Vous concevez d’abord qu’il n’était pas possible de lui rien communiquer sur la nature et les propriétés merveilleuses du clavecin ; que n’ayant aucune idée du son, celles qu’il prenait de l’instrument oculaire n’étaient assurément pas relatives à la musique, et que la destination de cette machine lui était tout aussi incompréhensible que l’usage que nous faisons des organes de la parole.

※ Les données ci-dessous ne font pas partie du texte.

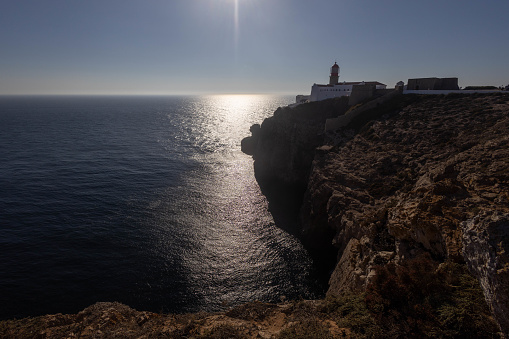 Lighthouse on a rock in Portugal in Farol do Cabo de Sao Vicente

Que pensait-il donc ? et quel était le fondement de l’admiration dans laquelle il tomba, à l’aspect des éventails du Père Castel ? Cherchez, monsieur ; devinez ce qu’il conjectura de cette machine ingénieuse, que peu de gens ont vue, dont plusieurs ont parlé, et dont l’invention ferait bien de l’honneur à la plupart de ceux qui en ont parlé avec dédain[1] ; ou plutôt, écoutez, le voici :

Mon sourd s’imagina que ce génie inventeur était sourd et muet aussi ; que son clavecin lui servait à converser avec les autres hommes ; que chaque nuance avait sur le clavier la valeur d’une des lettres de l’alphabet ; et qu’à l’aide des touches et de l’agilité des doigts, il combinait ces lettres, en formait des mots, des phrases ; enfin, tout un discours en couleurs : Après cet effort de pénétration, convenez qu’un sourd et muet pouvait être assez content de lui-même ; mais le mien ne s’en tint pas là ; il crut tout d’un coup qu’il avait saisi ce que c’était que la musique et tous les instruments de musique. Il crut que la musique était une façon particulière de communiquer la pensée, et que les instruments, les vielles, les violons, les trompettes étaient, entre nos mains, d’autres organes de la parole. C’était bien là, direz-vous, le système d’un homme qui n’avait jamais entendu ni instrument ni musique. Mais considérez, je vous prie, que ce système, qui est évidemment faux

  1. L’édition Brière met en note que c’est ici la leçon de l’édition de 1798 qui diffère de celle de 1751. Nous n’avons pas trouvé cette différence. Peut-être y a-t-il eu deux éditions de la lettre, dont une contrefaçon, en 1751. Voltaire s’est beaucoup moqué du clavecin oculaire du bon jésuite. Diderot, y est revenu à plusieurs reprises avec complaisance, notamment dans l’Encyclopédie. Il voyait là une idée.